(Dataset records)
....................

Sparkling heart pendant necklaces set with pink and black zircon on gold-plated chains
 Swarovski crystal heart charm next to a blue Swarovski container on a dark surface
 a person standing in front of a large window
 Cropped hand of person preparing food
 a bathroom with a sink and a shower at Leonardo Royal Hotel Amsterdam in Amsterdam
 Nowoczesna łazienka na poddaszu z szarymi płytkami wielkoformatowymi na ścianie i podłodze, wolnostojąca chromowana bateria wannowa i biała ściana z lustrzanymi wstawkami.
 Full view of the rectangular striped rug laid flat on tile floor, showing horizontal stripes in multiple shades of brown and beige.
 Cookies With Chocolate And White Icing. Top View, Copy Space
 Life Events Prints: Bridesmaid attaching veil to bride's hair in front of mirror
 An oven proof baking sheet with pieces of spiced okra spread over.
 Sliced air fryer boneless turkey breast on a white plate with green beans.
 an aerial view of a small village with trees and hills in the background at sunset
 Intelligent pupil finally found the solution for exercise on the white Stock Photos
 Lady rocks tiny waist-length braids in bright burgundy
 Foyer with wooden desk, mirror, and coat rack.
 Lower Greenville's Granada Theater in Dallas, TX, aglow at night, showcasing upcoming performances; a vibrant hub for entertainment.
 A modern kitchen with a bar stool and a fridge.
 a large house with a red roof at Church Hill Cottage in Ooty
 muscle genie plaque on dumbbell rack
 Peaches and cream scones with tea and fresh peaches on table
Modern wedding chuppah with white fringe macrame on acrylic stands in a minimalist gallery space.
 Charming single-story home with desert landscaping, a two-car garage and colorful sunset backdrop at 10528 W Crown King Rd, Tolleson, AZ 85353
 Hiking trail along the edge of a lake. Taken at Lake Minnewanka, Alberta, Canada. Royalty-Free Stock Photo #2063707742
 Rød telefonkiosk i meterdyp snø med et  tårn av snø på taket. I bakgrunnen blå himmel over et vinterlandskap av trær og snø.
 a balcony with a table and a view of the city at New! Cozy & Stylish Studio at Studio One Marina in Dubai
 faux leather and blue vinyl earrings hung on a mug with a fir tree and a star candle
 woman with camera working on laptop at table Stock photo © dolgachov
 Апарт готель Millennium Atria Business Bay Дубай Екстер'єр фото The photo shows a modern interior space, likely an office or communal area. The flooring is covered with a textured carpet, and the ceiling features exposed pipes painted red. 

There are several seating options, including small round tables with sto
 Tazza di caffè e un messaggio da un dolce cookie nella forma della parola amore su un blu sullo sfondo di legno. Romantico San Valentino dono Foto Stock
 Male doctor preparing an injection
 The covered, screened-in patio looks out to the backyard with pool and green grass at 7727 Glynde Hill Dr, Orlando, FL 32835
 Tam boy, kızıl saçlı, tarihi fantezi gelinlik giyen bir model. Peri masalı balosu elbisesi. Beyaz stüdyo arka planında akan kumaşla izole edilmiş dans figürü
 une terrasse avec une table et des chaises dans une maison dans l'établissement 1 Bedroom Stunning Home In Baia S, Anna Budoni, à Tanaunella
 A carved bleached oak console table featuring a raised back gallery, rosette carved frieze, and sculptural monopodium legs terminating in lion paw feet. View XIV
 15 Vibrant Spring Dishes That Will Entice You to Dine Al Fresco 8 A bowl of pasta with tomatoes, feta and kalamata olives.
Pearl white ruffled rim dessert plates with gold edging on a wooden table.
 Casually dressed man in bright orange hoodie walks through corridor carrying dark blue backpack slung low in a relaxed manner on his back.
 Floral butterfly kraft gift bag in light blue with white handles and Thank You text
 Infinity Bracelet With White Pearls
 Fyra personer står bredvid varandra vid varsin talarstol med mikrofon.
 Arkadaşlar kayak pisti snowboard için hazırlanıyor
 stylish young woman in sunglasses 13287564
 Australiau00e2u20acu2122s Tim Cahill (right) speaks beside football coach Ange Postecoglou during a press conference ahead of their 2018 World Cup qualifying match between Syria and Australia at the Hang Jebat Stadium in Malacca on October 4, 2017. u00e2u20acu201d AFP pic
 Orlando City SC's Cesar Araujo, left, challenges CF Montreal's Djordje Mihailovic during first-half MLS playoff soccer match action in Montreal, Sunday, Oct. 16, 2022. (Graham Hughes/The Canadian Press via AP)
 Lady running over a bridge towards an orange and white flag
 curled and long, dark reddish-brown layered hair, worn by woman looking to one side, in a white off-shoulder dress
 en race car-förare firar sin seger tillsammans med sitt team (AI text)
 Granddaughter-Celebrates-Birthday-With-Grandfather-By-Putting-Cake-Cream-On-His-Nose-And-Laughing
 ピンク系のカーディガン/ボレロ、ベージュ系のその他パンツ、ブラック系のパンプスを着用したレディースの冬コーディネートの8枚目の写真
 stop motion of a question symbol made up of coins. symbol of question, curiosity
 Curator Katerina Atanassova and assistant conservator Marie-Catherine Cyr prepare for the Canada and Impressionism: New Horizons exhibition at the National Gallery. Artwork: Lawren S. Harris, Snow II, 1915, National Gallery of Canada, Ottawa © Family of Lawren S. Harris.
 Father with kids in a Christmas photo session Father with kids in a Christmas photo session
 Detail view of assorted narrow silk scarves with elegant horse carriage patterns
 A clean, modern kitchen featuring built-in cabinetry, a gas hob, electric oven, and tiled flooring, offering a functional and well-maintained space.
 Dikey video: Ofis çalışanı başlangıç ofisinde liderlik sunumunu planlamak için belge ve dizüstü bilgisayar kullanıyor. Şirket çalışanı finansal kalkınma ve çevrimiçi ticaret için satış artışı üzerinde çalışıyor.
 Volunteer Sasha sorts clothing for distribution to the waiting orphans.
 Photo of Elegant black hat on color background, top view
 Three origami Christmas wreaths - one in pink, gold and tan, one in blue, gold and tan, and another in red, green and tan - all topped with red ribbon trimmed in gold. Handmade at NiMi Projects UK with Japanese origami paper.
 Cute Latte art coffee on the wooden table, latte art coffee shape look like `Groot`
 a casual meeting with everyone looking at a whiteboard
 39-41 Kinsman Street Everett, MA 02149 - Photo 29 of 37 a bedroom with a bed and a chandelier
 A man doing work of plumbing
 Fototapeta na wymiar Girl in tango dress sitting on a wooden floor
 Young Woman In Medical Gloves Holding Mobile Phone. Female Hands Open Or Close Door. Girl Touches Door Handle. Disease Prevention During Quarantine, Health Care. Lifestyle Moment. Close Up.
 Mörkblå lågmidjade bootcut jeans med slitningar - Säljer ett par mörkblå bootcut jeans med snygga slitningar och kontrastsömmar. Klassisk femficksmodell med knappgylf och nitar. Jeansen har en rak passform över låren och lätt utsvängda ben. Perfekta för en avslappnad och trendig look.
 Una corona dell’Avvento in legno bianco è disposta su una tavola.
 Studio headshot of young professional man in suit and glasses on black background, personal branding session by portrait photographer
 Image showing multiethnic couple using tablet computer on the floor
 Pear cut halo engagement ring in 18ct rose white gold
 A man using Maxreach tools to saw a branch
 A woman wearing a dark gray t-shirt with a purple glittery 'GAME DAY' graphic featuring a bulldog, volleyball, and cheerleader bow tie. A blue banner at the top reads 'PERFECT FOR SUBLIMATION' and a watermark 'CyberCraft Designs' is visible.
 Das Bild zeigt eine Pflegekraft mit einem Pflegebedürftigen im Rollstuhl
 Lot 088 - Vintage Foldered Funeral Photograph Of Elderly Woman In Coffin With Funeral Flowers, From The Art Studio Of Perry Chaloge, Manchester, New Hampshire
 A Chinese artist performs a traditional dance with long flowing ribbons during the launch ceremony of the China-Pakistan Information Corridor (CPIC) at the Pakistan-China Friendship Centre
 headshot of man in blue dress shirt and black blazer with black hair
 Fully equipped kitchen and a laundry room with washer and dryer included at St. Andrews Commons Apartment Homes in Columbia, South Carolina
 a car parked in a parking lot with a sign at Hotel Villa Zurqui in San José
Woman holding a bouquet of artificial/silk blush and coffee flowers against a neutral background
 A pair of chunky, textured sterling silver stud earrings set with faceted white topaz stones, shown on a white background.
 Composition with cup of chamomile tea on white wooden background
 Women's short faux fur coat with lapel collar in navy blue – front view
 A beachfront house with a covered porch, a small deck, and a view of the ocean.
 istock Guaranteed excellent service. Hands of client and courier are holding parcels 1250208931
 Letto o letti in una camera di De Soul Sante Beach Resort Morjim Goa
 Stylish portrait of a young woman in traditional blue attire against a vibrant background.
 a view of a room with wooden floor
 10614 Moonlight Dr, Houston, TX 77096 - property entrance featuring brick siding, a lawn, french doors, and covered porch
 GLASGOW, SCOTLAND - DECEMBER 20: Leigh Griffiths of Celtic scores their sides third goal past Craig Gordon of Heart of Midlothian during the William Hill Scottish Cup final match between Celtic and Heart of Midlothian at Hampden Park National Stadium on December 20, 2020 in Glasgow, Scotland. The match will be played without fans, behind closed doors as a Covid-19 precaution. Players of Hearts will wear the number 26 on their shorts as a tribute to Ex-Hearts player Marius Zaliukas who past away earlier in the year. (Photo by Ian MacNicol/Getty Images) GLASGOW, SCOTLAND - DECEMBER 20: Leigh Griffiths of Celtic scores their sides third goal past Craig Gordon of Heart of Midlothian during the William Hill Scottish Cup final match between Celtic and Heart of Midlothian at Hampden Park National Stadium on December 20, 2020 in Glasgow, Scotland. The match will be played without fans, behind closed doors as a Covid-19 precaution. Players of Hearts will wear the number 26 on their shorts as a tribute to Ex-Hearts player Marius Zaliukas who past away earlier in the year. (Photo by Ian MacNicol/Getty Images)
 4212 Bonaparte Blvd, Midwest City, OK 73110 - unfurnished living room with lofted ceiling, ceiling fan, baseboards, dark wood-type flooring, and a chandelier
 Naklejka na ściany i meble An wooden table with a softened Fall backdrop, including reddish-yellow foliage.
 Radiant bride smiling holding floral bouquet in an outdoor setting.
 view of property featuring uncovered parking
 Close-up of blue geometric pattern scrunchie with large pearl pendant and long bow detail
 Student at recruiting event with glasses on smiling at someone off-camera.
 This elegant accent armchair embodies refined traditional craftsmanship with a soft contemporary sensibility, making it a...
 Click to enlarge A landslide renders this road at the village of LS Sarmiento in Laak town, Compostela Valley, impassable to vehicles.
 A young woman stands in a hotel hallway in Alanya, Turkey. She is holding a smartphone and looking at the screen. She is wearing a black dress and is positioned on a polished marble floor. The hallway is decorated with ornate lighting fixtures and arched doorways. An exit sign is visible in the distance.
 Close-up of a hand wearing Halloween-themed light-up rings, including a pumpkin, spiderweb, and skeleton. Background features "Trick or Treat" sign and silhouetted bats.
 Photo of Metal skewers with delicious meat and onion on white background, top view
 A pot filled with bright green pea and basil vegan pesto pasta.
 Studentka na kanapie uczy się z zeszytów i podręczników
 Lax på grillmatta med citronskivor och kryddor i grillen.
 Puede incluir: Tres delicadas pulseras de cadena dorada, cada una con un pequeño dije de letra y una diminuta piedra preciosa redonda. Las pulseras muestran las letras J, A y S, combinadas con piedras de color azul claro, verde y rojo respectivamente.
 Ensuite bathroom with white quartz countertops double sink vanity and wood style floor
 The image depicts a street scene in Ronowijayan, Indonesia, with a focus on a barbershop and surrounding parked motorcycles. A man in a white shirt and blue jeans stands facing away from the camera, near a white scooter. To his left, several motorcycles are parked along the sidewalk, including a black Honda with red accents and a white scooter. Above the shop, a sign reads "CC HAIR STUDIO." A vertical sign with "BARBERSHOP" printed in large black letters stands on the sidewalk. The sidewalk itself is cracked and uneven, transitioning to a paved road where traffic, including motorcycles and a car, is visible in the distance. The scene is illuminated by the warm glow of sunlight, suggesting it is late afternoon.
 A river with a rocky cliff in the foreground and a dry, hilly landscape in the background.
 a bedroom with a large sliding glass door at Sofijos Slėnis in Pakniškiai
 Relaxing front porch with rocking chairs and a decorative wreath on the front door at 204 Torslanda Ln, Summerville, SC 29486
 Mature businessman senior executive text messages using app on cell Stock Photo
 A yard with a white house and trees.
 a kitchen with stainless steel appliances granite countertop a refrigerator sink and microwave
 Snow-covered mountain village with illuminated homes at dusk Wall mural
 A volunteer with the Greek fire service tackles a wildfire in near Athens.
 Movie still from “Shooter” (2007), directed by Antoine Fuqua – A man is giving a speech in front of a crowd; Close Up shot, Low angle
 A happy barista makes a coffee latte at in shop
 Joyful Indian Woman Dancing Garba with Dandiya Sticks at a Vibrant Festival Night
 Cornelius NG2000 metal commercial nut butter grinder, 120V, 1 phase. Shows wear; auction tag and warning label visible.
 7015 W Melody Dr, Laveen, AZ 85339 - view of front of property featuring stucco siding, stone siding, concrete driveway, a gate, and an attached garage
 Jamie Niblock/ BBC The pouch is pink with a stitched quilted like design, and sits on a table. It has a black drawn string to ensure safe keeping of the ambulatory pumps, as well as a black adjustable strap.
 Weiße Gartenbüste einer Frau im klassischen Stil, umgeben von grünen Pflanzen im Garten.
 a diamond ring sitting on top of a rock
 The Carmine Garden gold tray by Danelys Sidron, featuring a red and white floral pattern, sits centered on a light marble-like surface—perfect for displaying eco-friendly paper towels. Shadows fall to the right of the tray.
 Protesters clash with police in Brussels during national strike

....................

[Assigned task] Only one stretch of the data above is needed. Restate it word for word, from the line containing "en race car-förare" through the line containing "Mörkblå lågmidjade bootcut", both ends included.

[Your solution]
 en race car-förare firar sin seger tillsammans med sitt team (AI text)
 Granddaughter-Celebrates-Birthday-With-Grandfather-By-Putting-Cake-Cream-On-His-Nose-And-Laughing
 ピンク系のカーディガン/ボレロ、ベージュ系のその他パンツ、ブラック系のパンプスを着用したレディースの冬コーディネートの8枚目の写真
 stop motion of a question symbol made up of coins. symbol of question, curiosity
 Curator Katerina Atanassova and assistant conservator Marie-Catherine Cyr prepare for the Canada and Impressionism: New Horizons exhibition at the National Gallery. Artwork: Lawren S. Harris, Snow II, 1915, National Gallery of Canada, Ottawa © Family of Lawren S. Harris.
 Father with kids in a Christmas photo session Father with kids in a Christmas photo session
 Detail view of assorted narrow silk scarves with elegant horse carriage patterns
 A clean, modern kitchen featuring built-in cabinetry, a gas hob, electric oven, and tiled flooring, offering a functional and well-maintained space.
 Dikey video: Ofis çalışanı başlangıç ofisinde liderlik sunumunu planlamak için belge ve dizüstü bilgisayar kullanıyor. Şirket çalışanı finansal kalkınma ve çevrimiçi ticaret için satış artışı üzerinde çalışıyor.
 Volunteer Sasha sorts clothing for distribution to the waiting orphans.
 Photo of Elegant black hat on color background, top view
 Three origami Christmas wreaths - one in pink, gold and tan, one in blue, gold and tan, and another in red, green and tan - all topped with red ribbon trimmed in gold. Handmade at NiMi Projects UK with Japanese origami paper.
 Cute Latte art coffee on the wooden table, latte art coffee shape look like `Groot`
 a casual meeting with everyone looking at a whiteboard
 39-41 Kinsman Street Everett, MA 02149 - Photo 29 of 37 a bedroom with a bed and a chandelier
 A man doing work of plumbing
 Fototapeta na wymiar Girl in tango dress sitting on a wooden floor
 Young Woman In Medical Gloves Holding Mobile Phone. Female Hands Open Or Close Door. Girl Touches Door Handle. Disease Prevention During Quarantine, Health Care. Lifestyle Moment. Close Up.
 Mörkblå lågmidjade bootcut jeans med slitningar - Säljer ett par mörkblå bootcut jeans med snygga slitningar och kontrastsömmar. Klassisk femficksmodell med knappgylf och nitar. Jeansen har en rak passform över låren och lätt utsvängda ben. Perfekta för en avslappnad och trendig look.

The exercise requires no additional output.